Что ни говори, а прошлого и впрямь слишком много, и с каждым проходящим днем будет становиться все больше. Всепоглощающая опухоль, которая в итоге становится размером с целую жизнь. И с этим ничего нельзя поделать, как не бейся головой об заклад и к какому хирургу не обращайся за помощью. Конечно же, я совру, если скажу, что не вспоминаю Рину время от времени. Это происходит само собой, непроизвольно. Стоит мне зайти в какое-нибудь бистро или кафе, чтобы перекусить, и неосторожно взглянуть на диван в потертой полосатой бело-оливковой обивке, как я сразу вижу нас, пережидающих грозу и ютящихся на нем в ласковых объятиях друг друга (тогда я даже начинаю скрытно посматривать на стеклянную дверь – вдруг на ступеньках вновь промелькнут знакомые мне ноги, а секундой позже в проеме появится и фигура). Или, проходя мимо какого-нибудь облезлого уличного закутка, вдруг осознать, что именно тут мы стояли и ссорились из-за несуразной мелочи, а после, поняв неимоверную глупость произошедшего, мирились и раздавали обещания. Да, я вспоминаю Рину, но все чаще не как отдельную личность, которая продолжает где-то ходить, что-то есть, с кем-то спать и тд., а как неотъемлемую часть всего моего прошлого: головокружительного, будто вышедшая из строя карусель, спутанного, подобно клубку вязальных ниток, и в один миг отвалившегося от меня, как изношенная чешуя.
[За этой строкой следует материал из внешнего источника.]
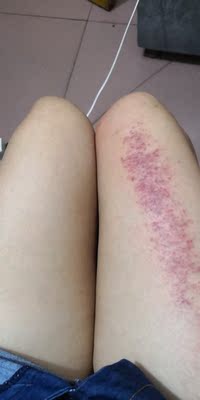 东西今天收到的，迫不及待用了，效果很好，可能是我不受力，感觉吸力好大啊，已经调到最小了吸的我还是痛，出了很多的痧气，做完了腿挺舒服，下次叫我老公给我做背，坚决支持，真的不错呢，价格也实惠，南极人的忠实拥护者，我可不是托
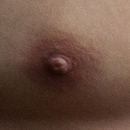 #1 Areola Color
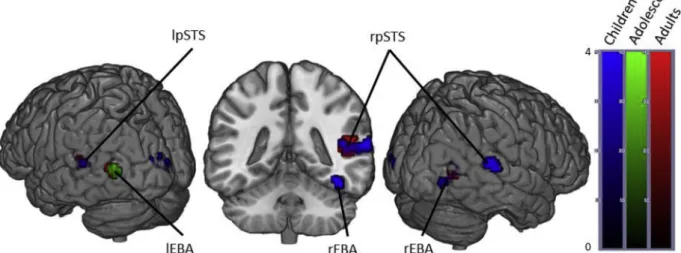 Fig. 2. Brain activity when contrasting Angry &gt; Neutral Bodies in Children, Adolescents and Adults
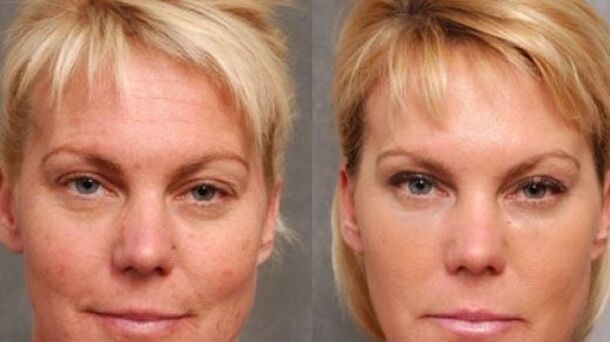 Before and after rejuvenation procedures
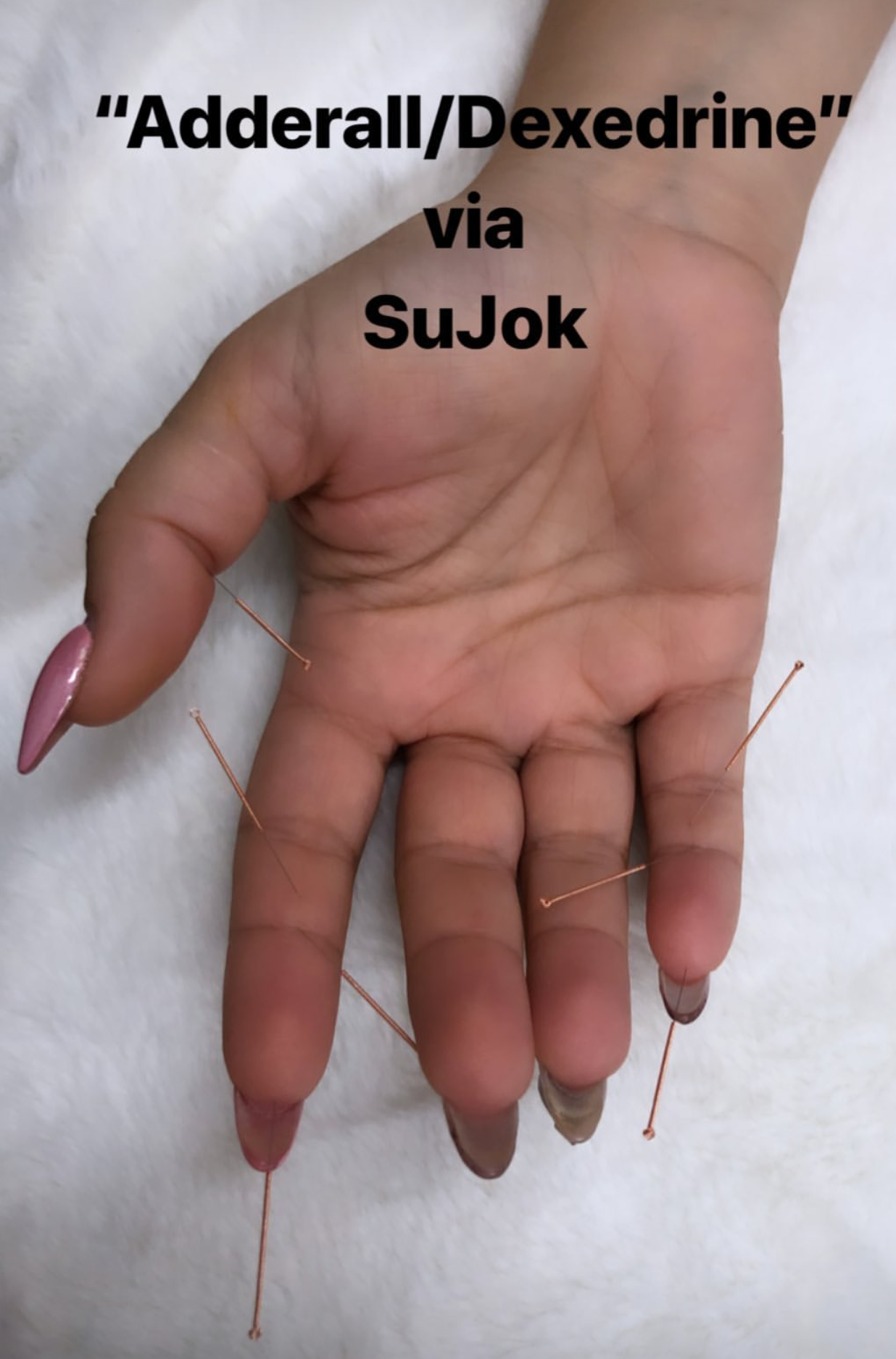  Using Sujok acupuncture treatment used for career and personal life as an alternative to traditional western medicine and diagnosis.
Порой меня спрашивают, есть ли у меня кто-нибудь, но никто никогда не спрашивает, люблю ли я кого-нибудь? Да, я определенно в любви. Я преисполнен ревностной любовью к зарубежным философам и художникам, к скульпторам и архитекторам прошлого, к давно умершим музыкантам, к писателям и поэтам минувших эпох. Я воспаряю над всеми ними на пышных крыльях своей безграничной и всеохватной любви. Но ведь совсем не об этом поставленный передо мною вопрос, правда? Он о том, растекаются ли по моим венам жгучие гормоны любви не метафизической? Бьется ли в моей груди сердце ради кого-то осязаемого? Засыпаю или просыпаюсь ли я с мыслями о ком-то конкретном? Нет, но так было когда-то. Я любил самоотверженно, нараспашку, беспамятно. Любил больше, чем способно вместить в себя любое искусство. Любил так, как не любил ни одну из женщин, с которыми бывал, так, что до испуга сводило кишки в брюхе, а ноги подкашивались от одного пойманного взгляда глаза в глаза. И теперь, после всего, я твердо знаю, что способен на это чувство. Во всех его великих проявлениях.